A total of 694 patients who underwent HTx from 2010 to 2018, the period covered by our study, were evaluated. More than a third of this population had documented diagnoses of DA prior to HTx (n = 260, 37.5%). We observed no statistically noticeable intergroup disparities in age, sex or previous mechanical circulatory support (MCS). Whilst the prevalence of cerebrovascular (CVD) and peripheral arterial disease (PAD) did not differ between the two groups, antecedent cardiac disease of ischaemic origin was more frequent amongst those diagnosed with DA (n = 276, 63.6% vs. n = 200, 76.9%; p < 0.001). Additionally, patients assigned to the DA group were more likely to have had a previous myocardial infarction (n = 129, 29.7% vs. n = 108, 41.5%; p = 0.001), percutaneous coronary interventions (n = 54, 12.4% vs. n = 51, 19.6%; p = 0.011) or stroke (n = 54, 12.4% vs. n = 55, 21.2%; p = 0.002). A closer look at the evaluable cardiovascular risk factors (CVRFs) and comorbidities revealed differences in the prevalence of hypertension (n = 356, 82.0% vs. n = 237, 91.2%; p < 0.001), diabetes (n = 144, 33.2% vs. n = 115, 44.2%), dyslipidaemia (n = 290, 66.8% vs. n = 207, 79.6%; p < 0.001) and chronic kidney disease (n = 288, 66.4% vs. n = 200, 76.9%; p = 0.003). Furthermore, patients with DA were more often smokers (n = 95, 21.9% vs. n = 88, 33.8%; p < 0.001). We found no differences in the use of cardiovascular medications, including betablockers, statins, platelet aggregation inhibitors (PAIs); and oral anticoagulants on baseline assessment (Table 1).

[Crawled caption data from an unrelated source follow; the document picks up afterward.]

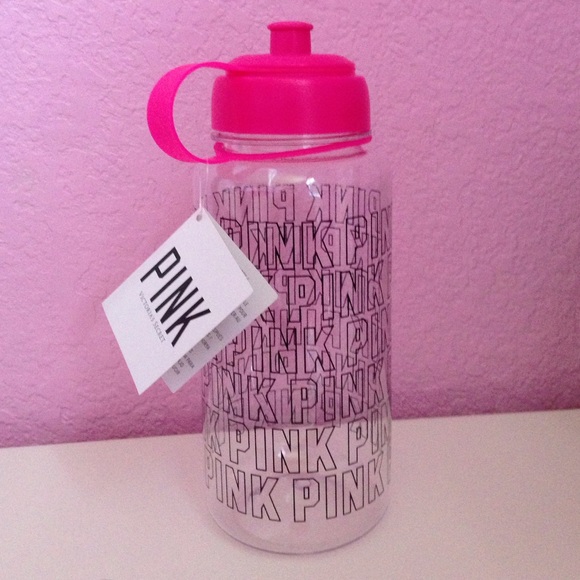 VS PINK WATER BOTTLE LIMITED EDITION
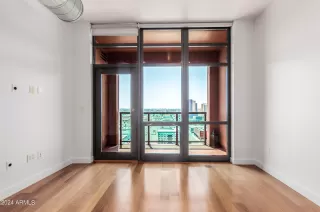 Photo #4: 6732716 Listing 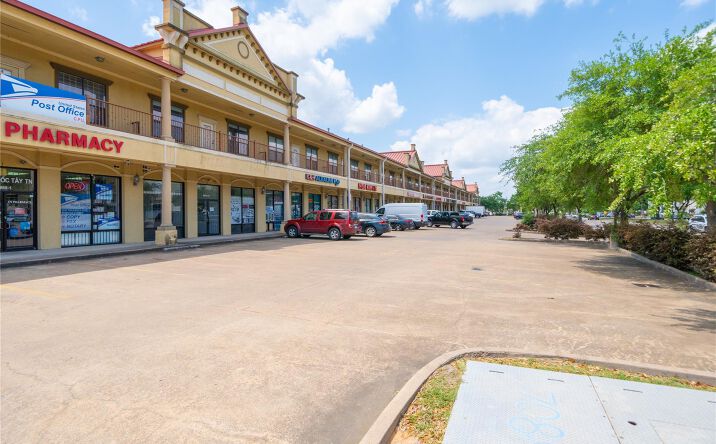 Pictures of Mixed Use property located at 12989 Bellaire Blvd, Houston, TX 77072 for sales - image #1
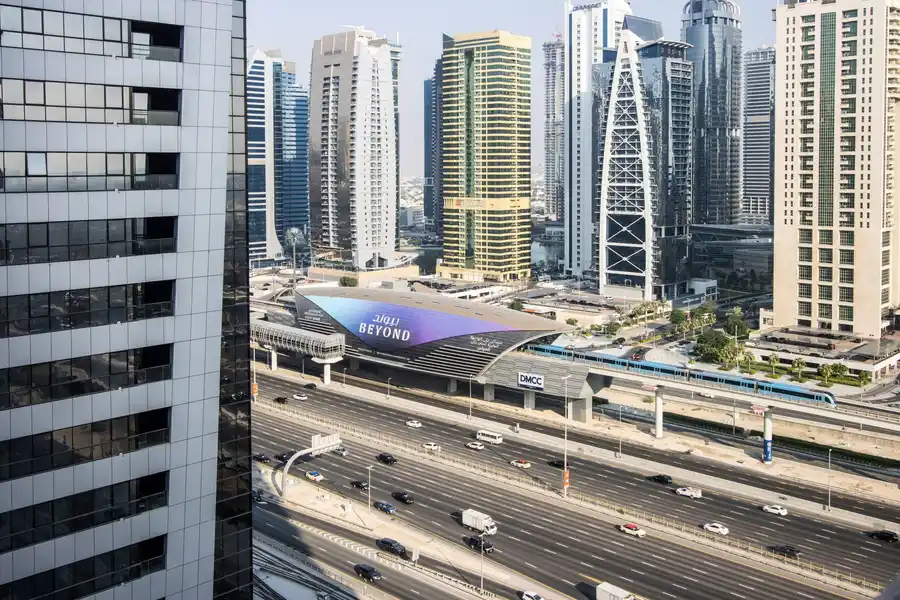 Modern Loft 1BR Next to Metro & Marina Walk, Dubai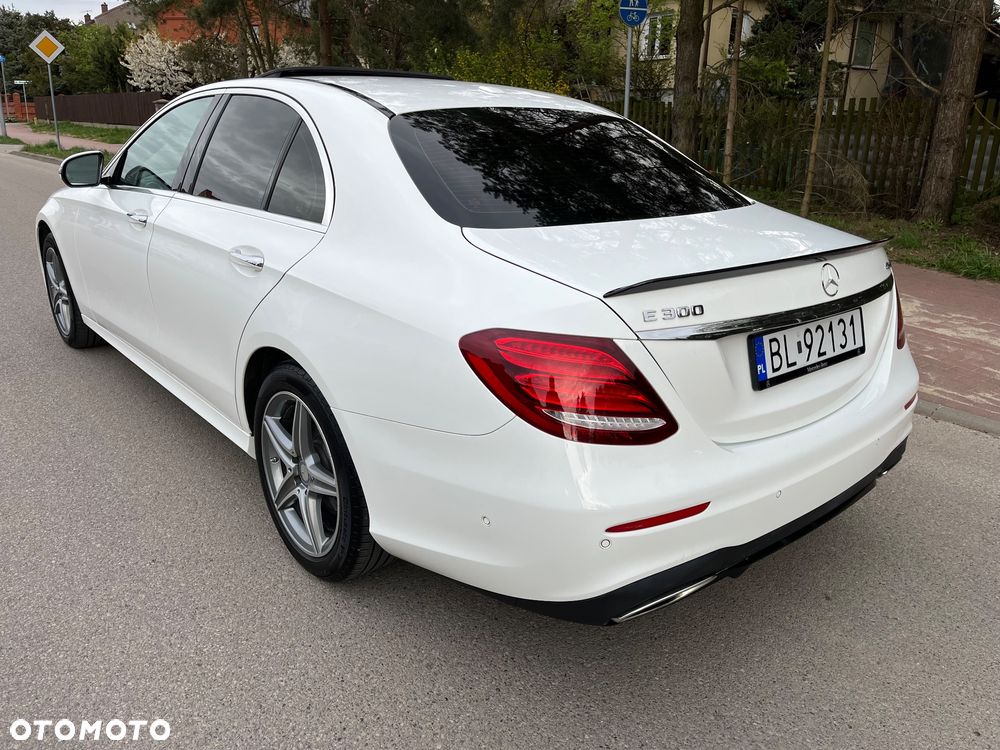 Mercedes-Benz Klasa E 300 9G-TRONIC AMG Line - 6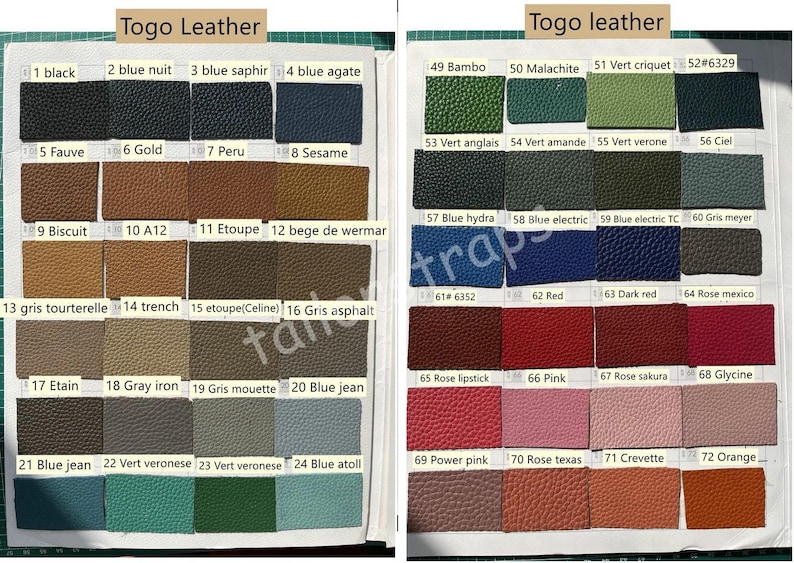 Op de afbeelding: Een kleurenkaart met stalen van Togo-leer in verschillende tinten. De stalen zijn gelabeld met nummers en kleurnamen, waaronder zwart, blauw, bruin, groen en roze. De tekst "Togo Leather" staat bovenaan.
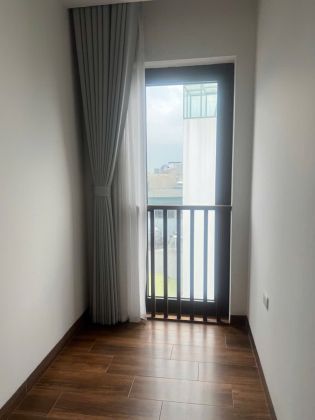 Nice 1 – bedroom apartment with big terrace in Au Co street, Tay Ho ...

3.2. In-Hospital Treatment

We observed no differences between the groups concerning the frequency of MCS, the duration of ventilatory support, the incidence of acute HF or renal failure, the frequency of renal replacement therapy, bleeding episodes, or the need for the supplementary transfusion of blood products. However, patients in the DA group developed ischaemic stroke (n = 27, 6.2% vs. n = 37, 14.2% in DA; p < 0.001), haemorrhagic stroke (n = 10, 2.3% vs. n = 14, 5.4% in DA; p = 0.032) and septicaemia (n = 65, 15.0% vs. n = 54, 20.8%; p = 0.050) more frequently than their unaffected counterparts. During index hospitalisation, 59 (22.7%) patients with a previous history of DA experienced a relapse of depression, whereas new depression was documented in only 26 cases. Similarly, 29 (11.2%) patients from the DA group had a recurrence of anxiety, but the prevalence of new anxiety was much lower. The data were censored due to confidentiality regulations (Table 2).

3.3. Outcome

We observed no significant differences between the two study groups with respect to the primary outcome measure (Table 2). The five-year survival rates were 65.7% and 73.1% in the groups with and without a diagnosis of DA before HTx, respectively (Figure 1).
However, our findings revealed that the female sex and use of extracorporeal membrane oxygenation (ECMO) during index hospitalisation were associated with inferior outcomes in a multivariate logistic regression analysis. By contrast, non-ischaemic cardiomyopathy was a determinant related to a prognostic advantage after HTx (Figure 2).

4. Discussion

To the best of our knowledge, this is the first study to examine the impact of DA on the outcome of HTx recipients in a relatively large patient cohort.
Approximately one-third of the patients enrolled in our study were diagnosed with DA before HTx, which is more than previously reported [5]. One possible explanation for the increased prevalence of these disorders may relate to the modality of data acquisition. Both disorders were considered for our analyses as a composite entity. We recognise that the overall prevalence of DA cannot be calculated as a simple sum of the included diagnoses because patients often present with an overlap between the two conditions. Additionally, the ICD-10-GM system includes a range of disease severities, which allows us to reflect not only major DA episodes, but also milder cases.
Women are generally underrepresented amongst HTx recipients, and they constituted approximately one-fifth of the overall population of our cohort [7]. These results may reflect the lack of awareness of heart disease in women due to their beneficial cardiovascular profile, resulting in a presentation at an older age with advanced disease and comorbidity profiles. Additionally, as previously reported, the prevalence of DA was higher amongst women (41.6%) in our study population compared to men (36.3%) [1]. However, regardless of sex, the disease burden by far exceeded the magnitude in the general population.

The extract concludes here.